The High Profile Acquisition
The scientific promise and the speed of Sirtris’s development trajectory quickly positioned it as a highly desirable acquisition target for major pharmaceutical companies. Following its founding in 2004 and a successful initial public offering in 2007, the company was acquired by GlaxoSmithKline (GSK) in 2008 for approximately $720 million. This acquisition was a landmark event, representing a significant investment by a major pharmaceutical player into the then-controversial field of aging research.
GSK paid $22.50 per share for Sirtris, which represented a substantial premium over the company’s trading price at the time, underscoring the perceived value of the sirtuin technology. The rationale behind the deal was GSK’s desire to enhance its research pipeline in metabolic, neurology, immunology, and inflammation research by gaining immediate access to the sirtuin field. GSK’s head of research and development described the modulation of the sirtuin family of enzymes as a transformative science that could address multiple age-related diseases.
As part of the acquisition structure, GSK initially allowed Sirtris to operate as a largely autonomous unit, retaining its management team and facilities in Cambridge, Massachusetts. This arrangement was intended to preserve the entrepreneurial and innovative culture of the smaller biotech company while providing the resources of a global pharmaceutical organization. This hybrid approach was a common strategy at the time, designed to integrate promising new science without stifling the creativity of the original team.
Clinical Trials and Company Absorption
Despite the initial hype and massive investment, the translation of Sirtris’s laboratory success into marketable drugs faced significant scientific and clinical hurdles. The company’s lead compound, SRT501, a formulation of resveratrol, was being tested in clinical trials for Type 2 Diabetes and other conditions. However, development was halted in late 2010 due to side effects observed in patients, which included gastrointestinal issues like nausea, vomiting, and diarrhea.
Beyond the safety concerns, the core scientific mechanism of the sirtuin activators came under intense scrutiny from other research groups. Independent studies, including those from Amgen and Pfizer, raised questions about the direct activation of SIRT1 by resveratrol and the synthetic STACs. Researchers suggested the observed activation in early assays was an artifact dependent on the specific fluorescent substrate used, or that the compounds might be acting through off-target mechanisms, such as activating the metabolic sensor AMP-activated protein kinase (AMPK).

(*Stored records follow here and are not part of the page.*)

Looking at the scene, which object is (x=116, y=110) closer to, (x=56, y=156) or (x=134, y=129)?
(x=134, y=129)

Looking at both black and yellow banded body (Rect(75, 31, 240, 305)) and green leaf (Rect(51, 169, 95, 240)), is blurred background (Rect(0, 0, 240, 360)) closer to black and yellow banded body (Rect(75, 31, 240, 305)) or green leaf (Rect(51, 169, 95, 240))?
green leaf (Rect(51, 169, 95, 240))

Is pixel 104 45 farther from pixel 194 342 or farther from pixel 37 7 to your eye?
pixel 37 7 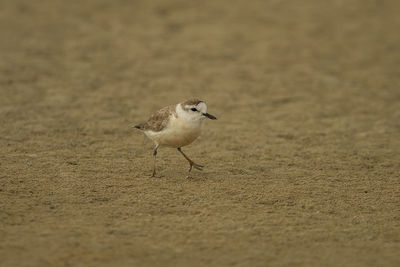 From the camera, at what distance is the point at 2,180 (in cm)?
641

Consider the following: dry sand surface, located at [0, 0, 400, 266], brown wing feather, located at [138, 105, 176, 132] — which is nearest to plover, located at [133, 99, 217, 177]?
brown wing feather, located at [138, 105, 176, 132]

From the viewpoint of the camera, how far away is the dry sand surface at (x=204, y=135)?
17.3 ft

Sirtris attempted to pivot by focusing on its next-generation synthetic compounds, such as SRT2104, which progressed into Phase II studies for conditions like Type 2 Diabetes and psoriasis. However, the accumulated challenges and the difficulty of proving efficacy in complex human diseases led to the end of the company. In 2013, GSK shut down the Sirtris facilities in Cambridge and fully absorbed the remaining intellectual property and development candidates into its broader internal R&D structure. The Sirtris brand ceased to exist, marking the conclusion of the company’s operational history, though its scientific legacy continued to influence GSK’s research into age-related diseases.